Towards the end of the ’90s, long before the whole world found out about web 2.0, social networking and co-creation online, Furthernoise/Furtherfield, a collective of activists and radical artists that was founded in the UK by Marc Garret and Ruth Catlow, focused their activity on concepts such as horizontal collaboration, sharing, involvement, openness, co-creation. In short they were turning the culture of individualism and D.I.Y. (do it yourself) into a culture of community and D.I.W.O. (do it with others), and artistic collaboration from contextual into relational.

Technology was still a limited, but rapidly evolving phenomenon, their resoluteness was endless and their goal was clear: to bring down limits, political, social, cultural and geographic barriers – be they real or imaginary – through the direct and shared experience of art, including digital art.
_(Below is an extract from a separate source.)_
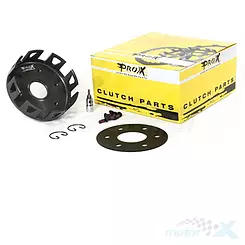 Kosz sprzęgła napędowego Prox (17.4085F) Kawasaki KX 60/65 '85-20, Suzuki RM 65 '03-05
10 years on the concepts of collaboration, universality, sharing of topics and languages could not be more topical, and those good fellows at Furthernoise/Furtherfield couldn’t be more active. Digicult has recently interviewed them ( Digimag 35http://www.digicult.it/digimag/article.asp?id=1183 ) and visited them again during the media art, HTTP exhibition/event that took place a few weeks ago at their London gallery/workshop . The title of the show: “Whereof one cannot speak, thereof one must be silent” . The artists: the Israeli/ American video-artist Doron Golan, the English multimedia artist and educator Michael Szpakowski. The works on show are digital videos by both authors, some are personal, others the result of the long-lasting online collaboration between the two… who met for the first time at the opening of this exhibition.

.

The matter of the artists are digital videos and films: hyper-realistic, yet surreal and psychedelic, rarefied or low-resolution, in slow motion or fast-played, invariably transformed into something else. Both artists experiment with language and technique, using programs such as QuickTime and Shockwave. Doron Golan films daily life scenes in the Middle East (he often picks seemingly neutral subjects in order to send out clear political messages) and screens short passages in loop and with live-recording audio, transforming the seeming absence of a focus into the most captivating one.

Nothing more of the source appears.